## WHAT THE EXERCISE ASKS
The data below contains pictures, which are to be skipped; the lines starting at the line with "I believe there" and ending at the line with "How does Tinder's" are to be output exactly, both ends included.

## EXTRACTED ENTRIES

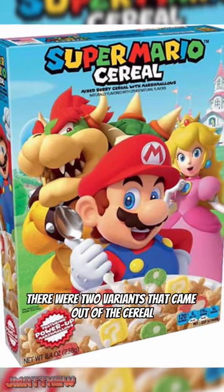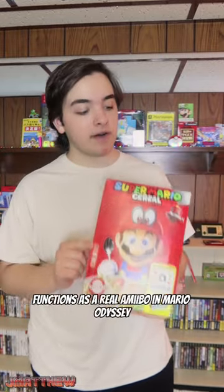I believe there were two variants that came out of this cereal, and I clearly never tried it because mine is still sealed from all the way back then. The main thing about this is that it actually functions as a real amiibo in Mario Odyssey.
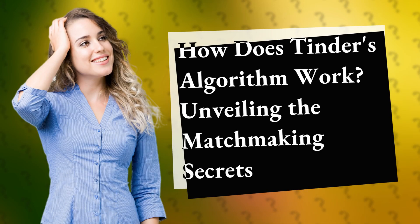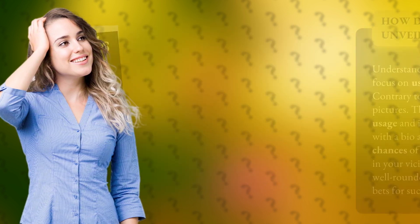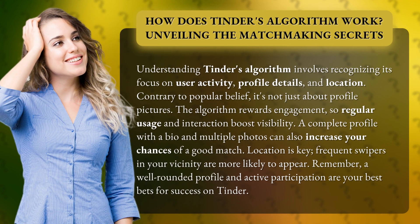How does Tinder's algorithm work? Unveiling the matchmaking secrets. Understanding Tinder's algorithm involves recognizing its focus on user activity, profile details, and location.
--
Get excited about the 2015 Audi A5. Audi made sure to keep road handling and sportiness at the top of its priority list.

## EXPECTED OUTPUT
I believe there were two variants that came out of this cereal, and I clearly never tried it because mine is still sealed from all the way back then. The main thing about this is that it actually functions as a real amiibo in Mario Odyssey.
How does Tinder's algorithm work? Unveiling the matchmaking secrets. Understanding Tinder's algorithm involves recognizing its focus on user activity, profile details, and location.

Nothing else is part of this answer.